First Lady of Costa Rica
- In role May 8, 1940 – May 8, 1944
- President: Rafael Ángel Calderón Guardia
- Preceded by: Julia Fernández Rodríguez
- Succeeded by: Etelvina Ramírez Montiel

Personal details
- Born: June 3, 1906 Antwerp, Belgium
- Died: February 11, 1994 (aged 87) San José, Costa Rica
- Spouse: Rafael Ángel Calderón Guardia (1927–1945; divorced)

= Yvonne Clays Spoelders =

First Lady of Costa Rica (1906-1994)

Yvonne Clays Spoelders (June 3, 1906 – February 11, 1994) was a Belgian aristocrat, First Lady of Costa Rica from 1940 to 1944 and the country's first female diplomat.

Clays was born on June 3, 1906, in Antwerp, Belgium, to Jozef Clays and Maria-Catherine Spoelders. She studied in Belgium, France, and Great Britain. While on vacation at her family's beach house in Blankenberge she met Rafael Ángel Calderón Guardia, then a young foreign student. She married the future Costa Rican president in Antwerp on July 28, 1927.
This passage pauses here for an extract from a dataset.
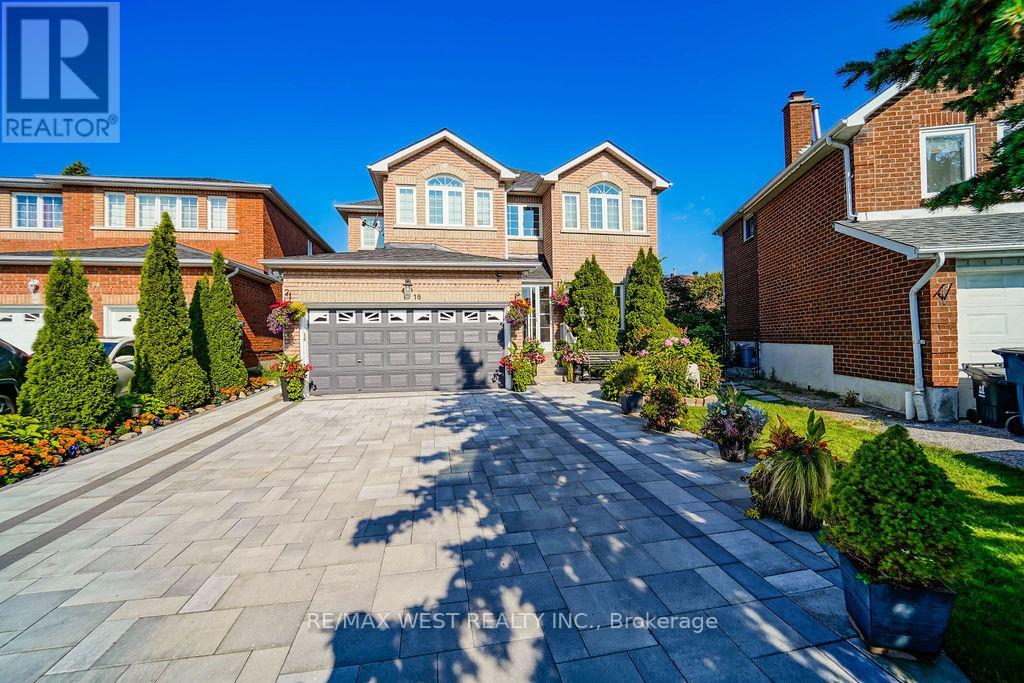 16 TARSUS CRESCENT, Toronto, Ontario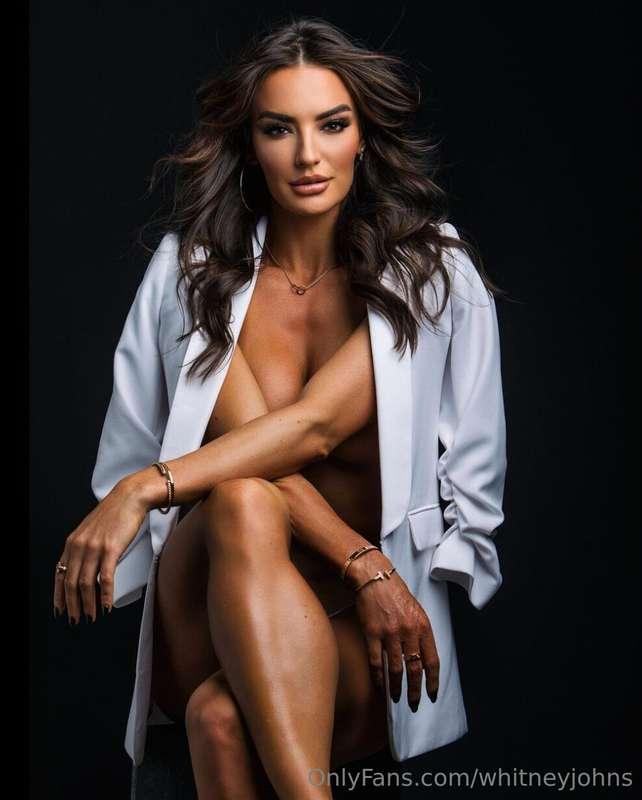 Business but make it look sexy 🖤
She was member and Secretary General of the Samaritan Ladies Society, an entity created by First Lady Julia Fernández Rodríguez (wife of President León Cortés Castro) which was ultimately responsible for the creation of the Casa de la Madre y el Niño (House of the Mother and Child).

During her husband's administration she was actively involved in diverse social causes and in 1940 she reestablished the National Symphony Orchestra of Costa Rica. She was the first president of the Orchestra's board of directors and remained so until 1947 without salary.

She acted as official translator during President Calderón's 1940 meeting with President Franklin Delano Roosevelt. Clays later became Costa Rica's first female diplomat and was in charge of several missions in the United States. She had a long friendship with American Under Secretary of State Sumner Welles and thanks to her mediation the 1942 signing of the Fernández-Pierson contract was possible, in which Costa Rica was granted a credit of up to . Clays' intervention also achieved the establishment of the Instituto Interamericano de Ciencias Agrícolas in Costa Rica in 1943, today known as the Instituto Interamericano de Cooperación para la Agricultura.

Clays died in San José, Costa Rica, on February 11, 1994. At the time of her death she left her personal library to the University of Costa Rica Faculty of Science.